Due to the encroaching of their habitats, bears are once again on the increase in many regions of the United States. Desperate having enough food, some bears are venturing even into suburban backyards for a meal or water.

Several years ago, before we moved from a small rural town onto our dream homestead, one morning a brown bear was spotted walking on the sidewalks and alleys through town – the night before I lost one of our ducks. We free ranged the ducks in town but put them up into a pen at night. The pen was tall enough the ducks could not get out, but definitely short enough for a bear to reach in and find himself a meal.

Laws pertaining to bears as nuisance predators are also quite specific and vary by state. Making sure feed tubs are secured when not being used, the barnyard is kept free of stray feed and trash, will help prevent a bear attack, at least somewhat.

To deter large predators like bears, keep motion detector lights, solar lights, and a trail camera on and around the barn. If the trail camera detects a large predator like a bear, wolf, elk, or moose that you cannot legally shoot or trap, or are not capable of doing so, call the county or state wildlife agency and request their assistance – there is no charge for such a service.

Wrap-Up

Learn how to identify the droppings of predators in your region to determine exactly what type of predators is lurking near the flock enhance the coop and run adequately to protect against them and best determine how to deter their dinner plans.

Learning how to detect what predators are breaching the barnyard perimeter is substantially important to the survival of your livestock.

homestead predators pinterest

5 thoughts on “The Most Deadly Predators On The Homestead”

  1. All good points, but I should point out that it’s not just rural areas. I live in a populated suburb of Richmond, VA and it’s well known that a pair of bears live in the area and sometimes go dumpster diving at local strip malls. Animal control has been after them for a while, but to no avail. I’d hate to be taking out the trash and run into one.

    Also, my suburban neighborhood has had reports of coyotes, one of which was described as “sickly looking” which is a red flag for me. Also we have an aggressive neighborhood dog that gets out on his own frequently and will approach other humans, as well as other dogs, very aggressively. The owners have gotten complaints from neighbors, but they ignore them. If I have an encounter with him, I will call Animal Control and not stop bugging them until the dog is impounded.

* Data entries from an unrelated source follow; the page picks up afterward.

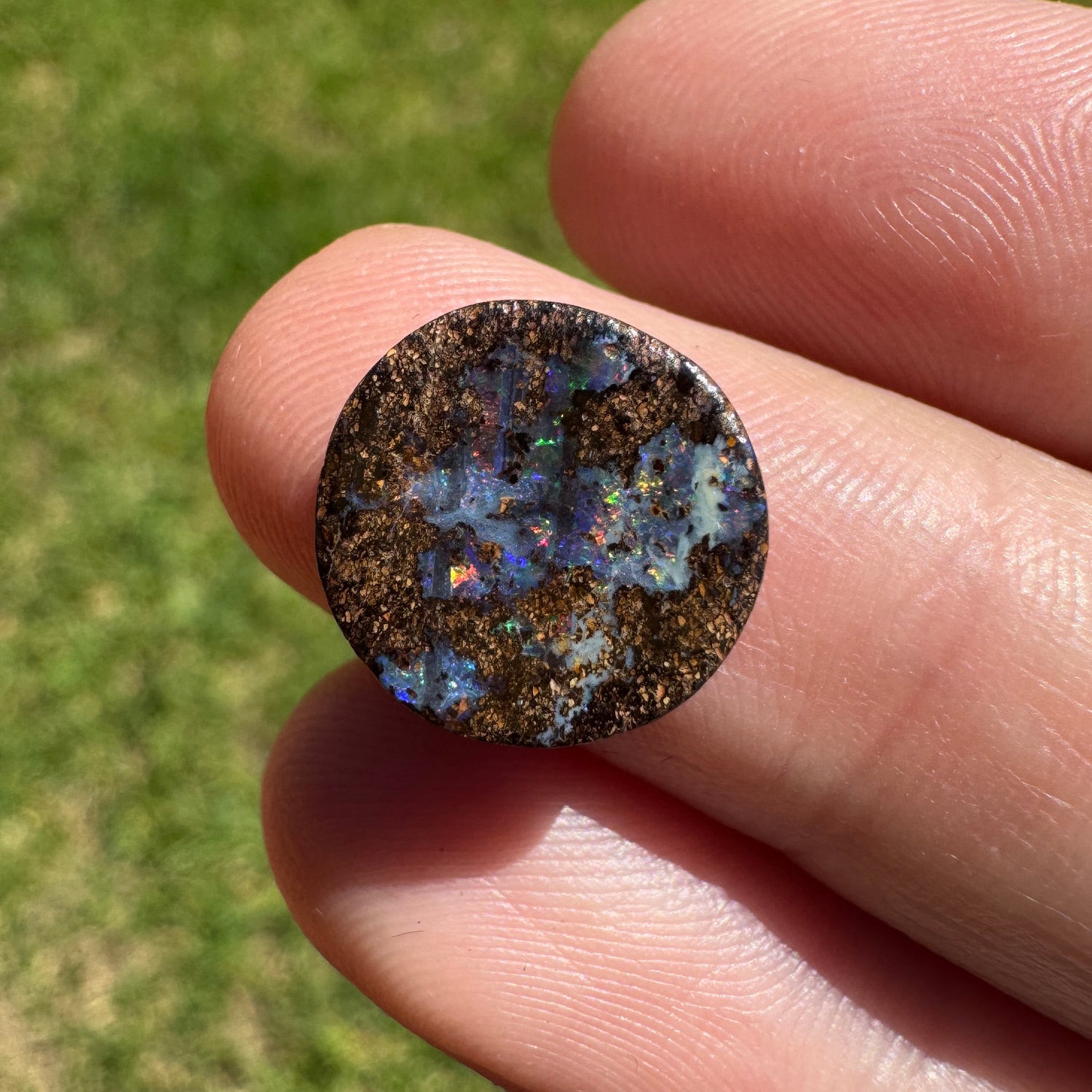 3.00 Ct small boulder opal - Broken River Mining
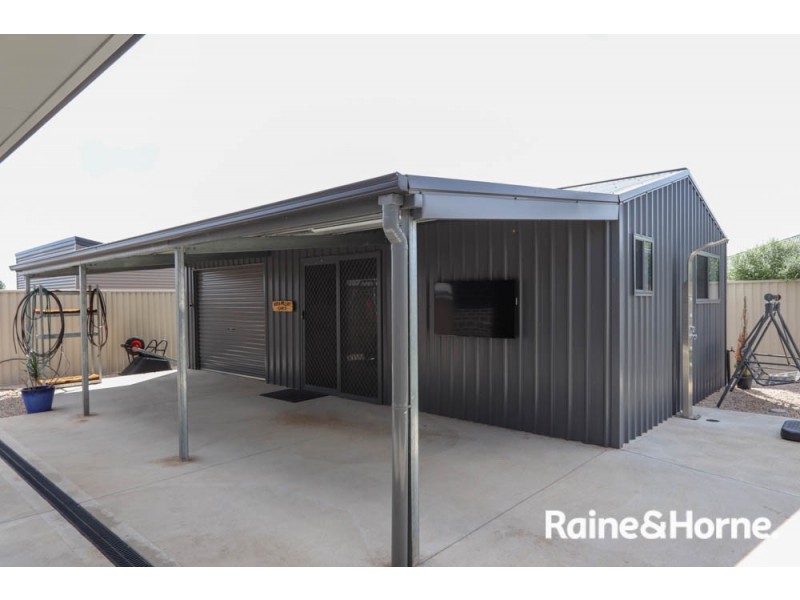 11 Keane Drive, Kelso NSW 2795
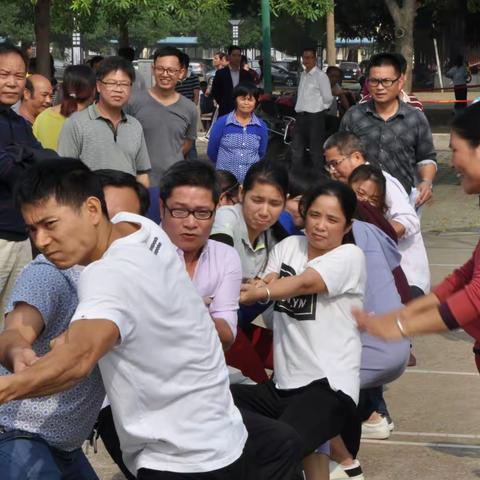覃塘高中2017年体育节教职工拔河比赛花絮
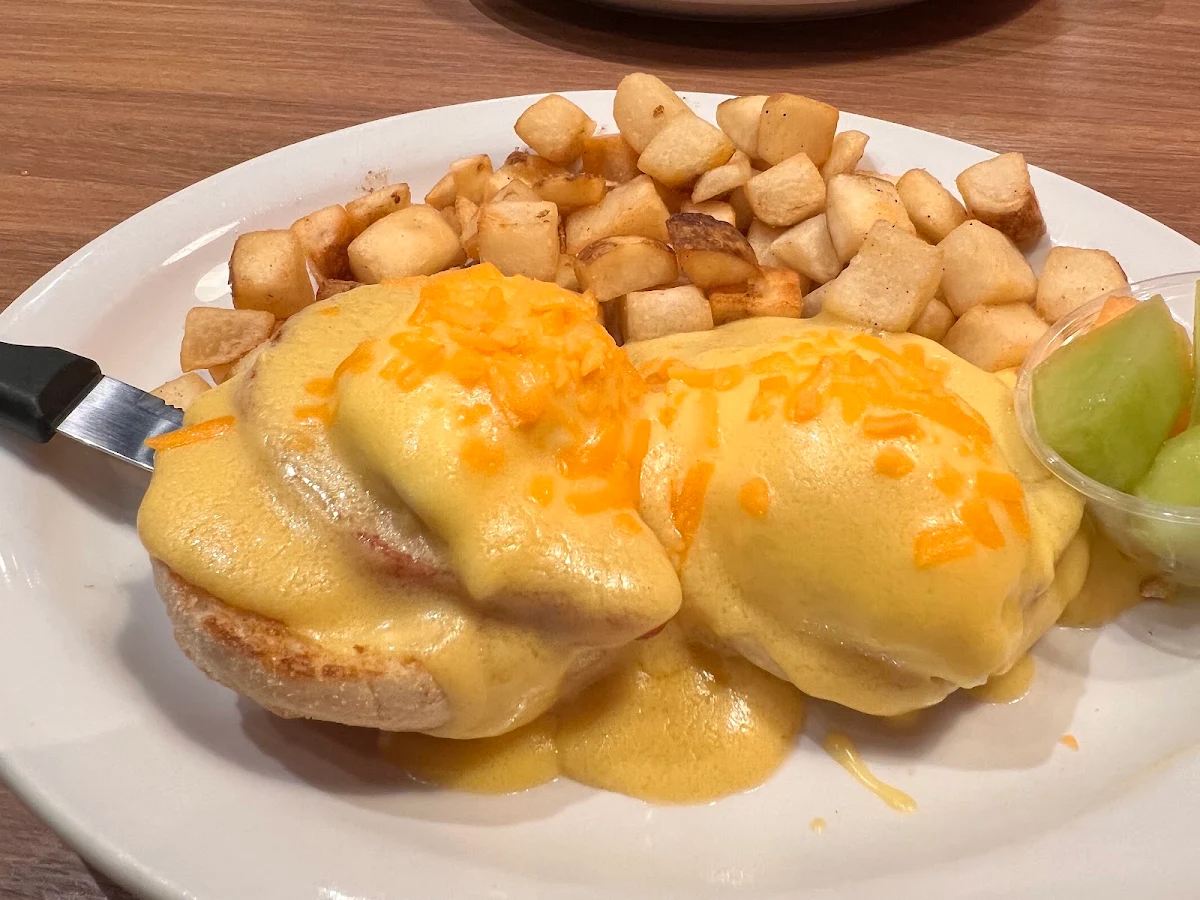 Egg Benedict with Ham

    When I walk my dogs, I have a .38, pepper spray and a pretty substantial knife and I will use any and all if I have to. Unfortunately, the “three S’s” will probably not work in my area. Someone will always be around to hear/see whatever happens. But I know the law and I follow it. I will be happy to explain my actions to the legal system.

    Reply
  2. Skunks! I think people expect them to not be interested in livestock, I know I did. I lost 35 young chickens, worth about $100, to a skunk this spring. Hard lesson to learn.

    Reply
    • Becky,

      Wow, that is a horrible loss! I used to not view skunks as a predator, as least not more than as an egg thief, but not anymore. We keep traps set for small predators like skunk all the time now in hopes we can stop a threat before we even know it is lurking about.

      Reply
  3. you missed feral cats and dogs. Have had problems for years with dumped and feral cats and dogs. When all else fails go with the 3S’s shoot ,shovel and shut up. Jest remember that some DNR’s are releasing with tags some animals you do not want around.

    Reply
    • Ben,

      I can’t imagine with having to deal with feral cats and dogs too! How awful. I LOVE the 3 S’s…always sound advice!